Reproduce exactly the line with "Used 2022 Chrysler" and every line that follows it below, up to and including the last one. Do not include pictures or anything else.

*Supplied data*:
============

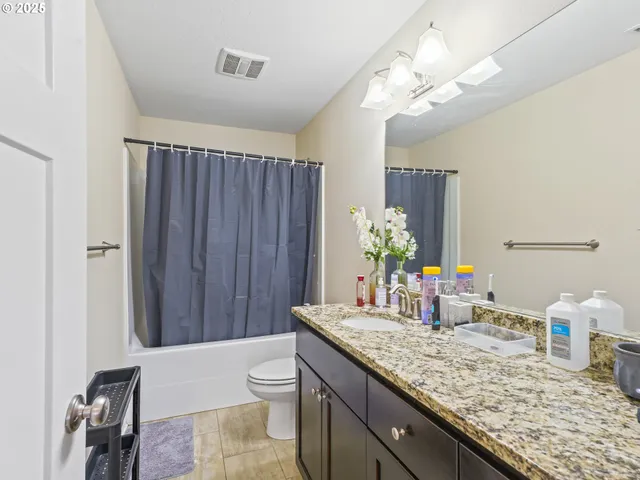 $415,000 | 924 Park Street, Sweet Home, OR 97386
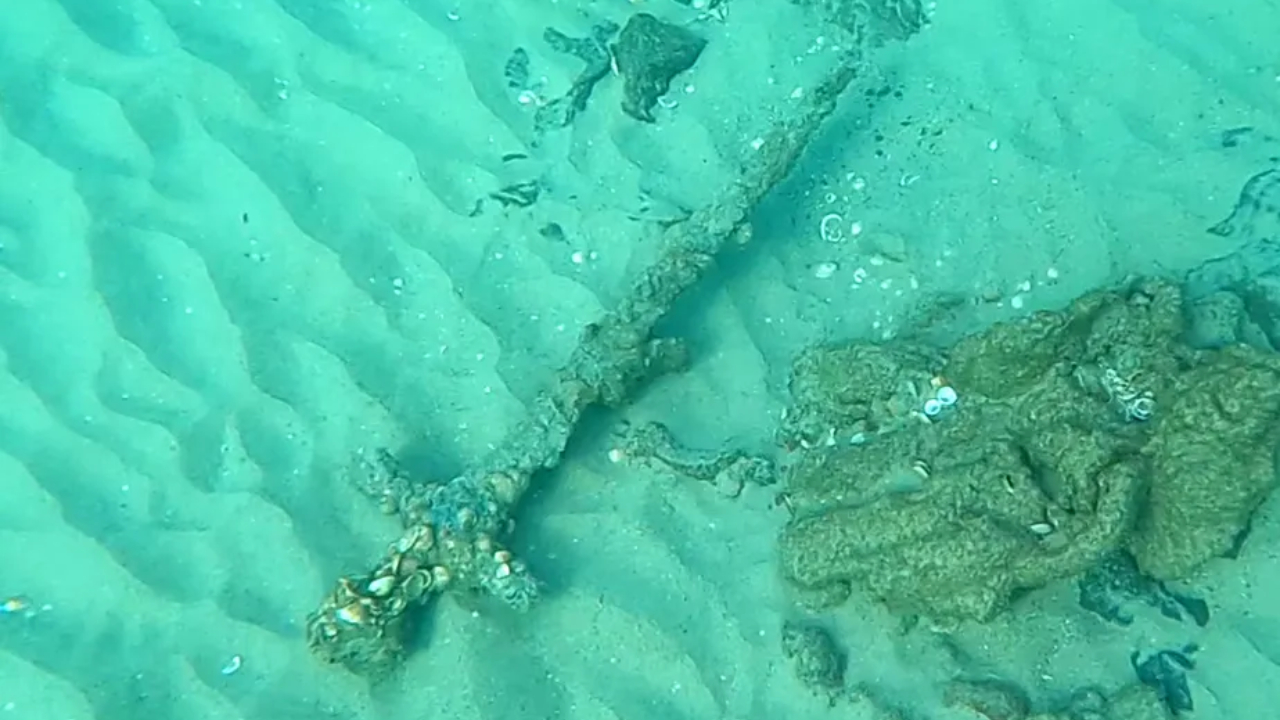 A curiosa espada de 900 anos encontrada no mar Mediterrâneo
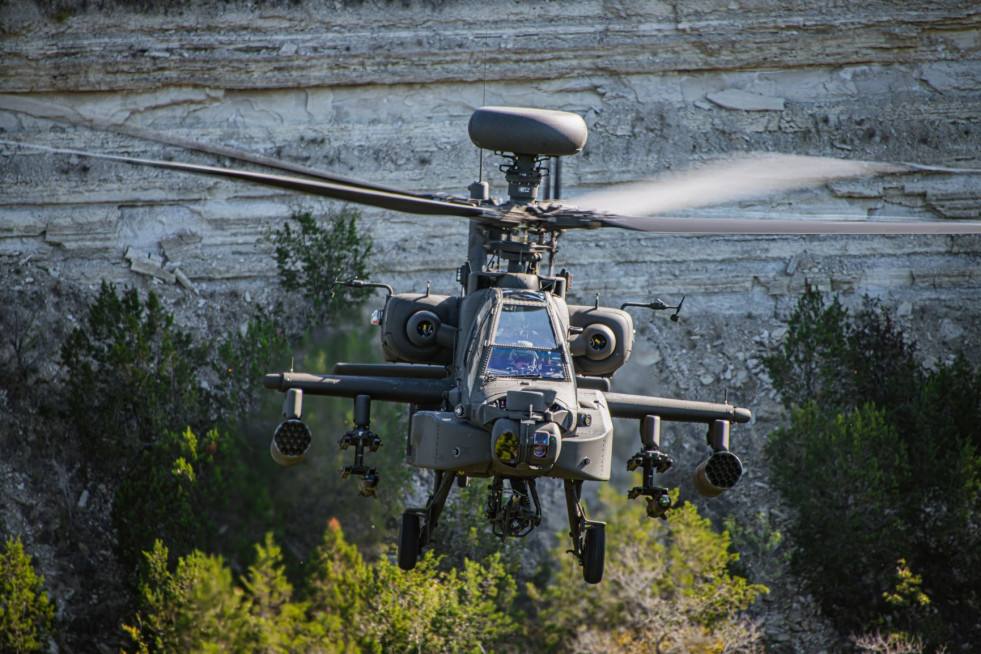 DHC Apache Echo In flight 2 (002)
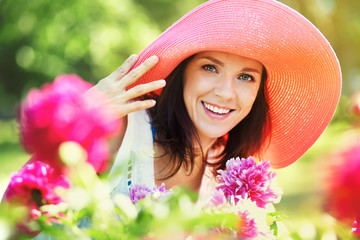 Fototapeta premium outdoor portrait of a beautiful woman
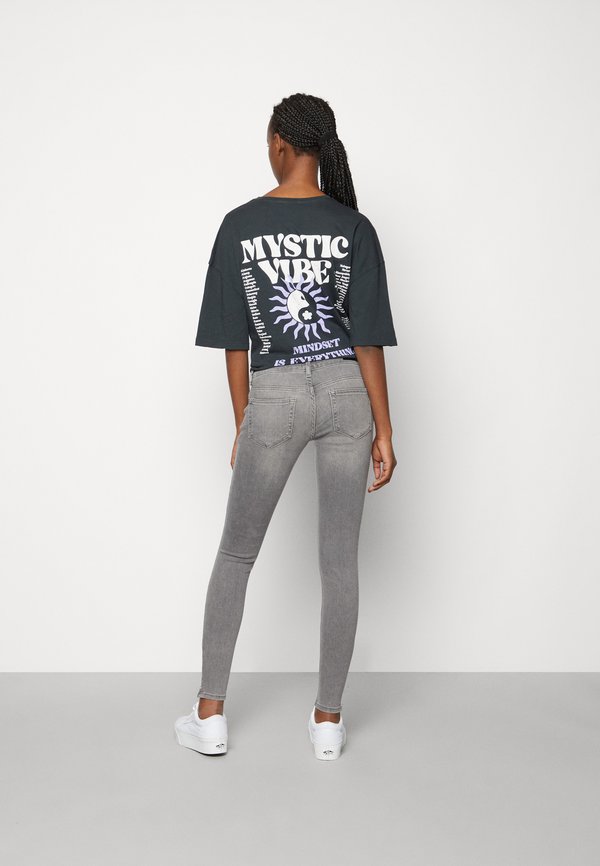 ONLCORAL SKINNY ZIP ANKLE - Jeans Skinny Fit4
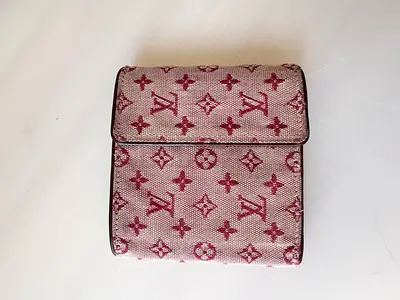 Authentic LOUIS VUITTON Pink/Red Linen Wallet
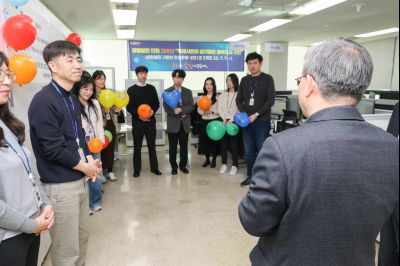 2025년 직원과의 송년인사 0D0A3900.jpg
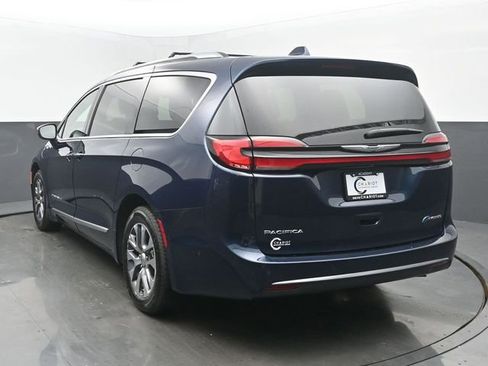 Used 2022 Chrysler Pacifica Pinnacle FWD image 4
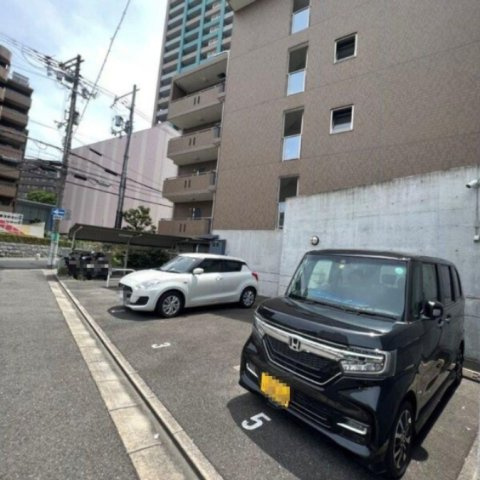 Elfer天王寺の駐車場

============

*Response*:
 Used 2022 Chrysler Pacifica Pinnacle FWD image 4
 Elfer天王寺の駐車場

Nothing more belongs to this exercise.